Celebrations abounded on May 26 as the Deline First Nation swore in Leonard Kenny as chief and eight new council members were elected.

"I felt very honoured," said Kenny. "I was excited. I was thinking about the challenges ahead of me but I also thought about my own personal experience ... I come to the position with experience so I felt good and comfortable."

Paulina Roche, manager of Deline First Nation, stated in an e-mail to News/North that the election ceremony was followed by a feast and drum dancing until 11 p.m.

Kenny said this election had one of the best voter turnouts to-date - 58 per cent - and he is glad to see voters taking their voting responsibility so seriously.

"It's very important that they come out because it just makes us, the leaders, accountable," he said. "It shows that it's important to them who they select."

Kenny has two specific goals for his three-year term, he said, but if all goes according to plan, his term may be only two years.

"We've been working on self-government for the past 15 years and that's one of the things I'd like to see done while I'm chief," he said.

"My term is three years but if we do finish a self-government agreement within two years then we'll call for a new election."

Kenny said community support for self-government will be a driving force behind the speed of the negotiations but he and Deline chief negotiator, Danny Gaudet, see the agreement reaching ratification within the next two years.

"We're kind of hoping to have all the negotiations wrapped up by December," said Gaudet.

"Our self-government agreement, the main document that gives us all the powers, is pretty much done.

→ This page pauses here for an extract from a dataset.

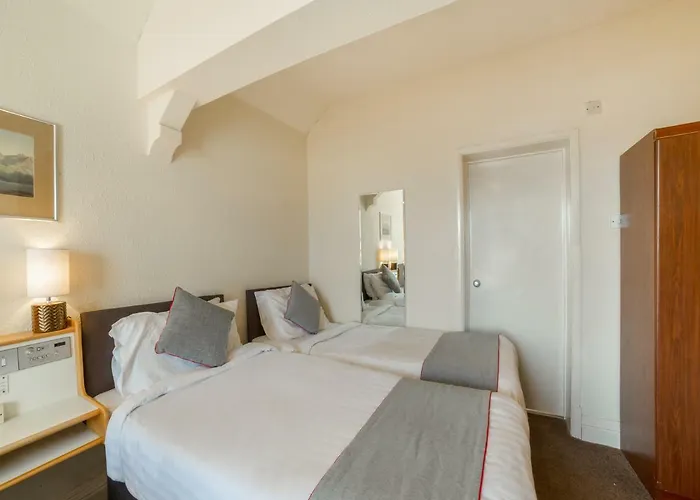 Oyo The Cumberland Near Community Hospital Hotel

The federal government is coming back with some suggestions on changes but if we review them and if they make sense we will adjust them but if not we'll just leave it the way it is.

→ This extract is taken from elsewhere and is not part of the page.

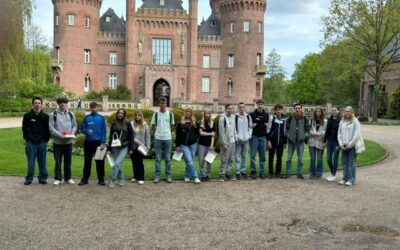 Schulausflug zum Schloss Moyland: Kreativität und Spaß mit TonSchloß Moyland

"After that we get into ratification."

Gaudet said he doesn't expect a devolution agreement between the territorial and federal government to affect the progress of a Deline self-government agreement.

"You try to design (the agreements) so that they're compatible," he said. "So they work together rather than offend each other because the reality is all of this stuff falls under some sort of governance. It's going to have some effect but you try to eliminate that negative effect."

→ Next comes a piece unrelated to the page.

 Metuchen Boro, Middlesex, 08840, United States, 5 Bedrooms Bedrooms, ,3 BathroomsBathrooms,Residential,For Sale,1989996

Kenny said his second goal is to see the government talking about a water strategy the Deline community can get behind.

"It's very important for this community because we sit on Great Bear Lake," he said. "We need to keep the water simply because it gives life and for aboriginal people, it's very important to us. The community developed a Great Bear Lake management plan, I think it's referred to as Water Heart, ... and it's been sitting on the shelf here for a while now so I (want) to use that module as the Great Bear Lake Management Plan."